Mike Garnham

Personal information
- Full name: Michael Anthony Garnham
- Born: 20 August 1960 (age 65) Johannesburg, South Africa
- Batting: Right-handed
- Role: Wicketkeeper-batsman

Domestic team information
- 1978–1979: Gloucestershire
- 1980–1988: Leicestershire
- 1989–1995: Essex

Career statistics
| Competition | FC | List A |
| Matches | 207 | 256 |
| Runs scored | 6240 | 2640 |
| Batting average | 27.48 | 18.72 |
| 100s/50s | 5/33 | 1/4 |
| Top score | 123 | 110 |
| Balls bowled | 24 | – |
| Wickets | 0 | – |
| Bowling average | – | – |
| 5 wickets in innings | – | – |
| 10 wickets in match | – | – |
| Best bowling | – | – |
| Catches/stumpings | 429/41 | 217/37 |
- Source: Cricinfo, 4 June 2022

= Mike Garnham =

English cricketer

Michael Anthony Garnham (born 20 August 1960) is a former English cricketer who played for Essex, Leicestershire and Gloucestershire as a wicket-keeper/batsman between 1979 and 1995.

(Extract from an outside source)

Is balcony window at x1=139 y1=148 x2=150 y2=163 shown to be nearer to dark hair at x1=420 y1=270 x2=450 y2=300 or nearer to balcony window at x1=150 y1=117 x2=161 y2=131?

While attending North Devon College in Barnstaple, Garnham was selected to tour India with an English Schools team in 1977-78. He also toured Australia with England Young Cricketers in 1978-79.

In 1985 Garnham helped Leicestershire win the Benson and Hedges Cup, joining Peter Willey in an unbroken match-clinching partnership of 80 in the final. He also played in the Essex sides which won the County Championship in 1991 and 1992. He made his highest first-class score of 123 in Essex's victory over Leicestershire in September 1991, when he and Nasser Hussain added 316 for the fifth wicket.

Garnham now lives in Halstead, Essex. He works in planning in rural north Essex.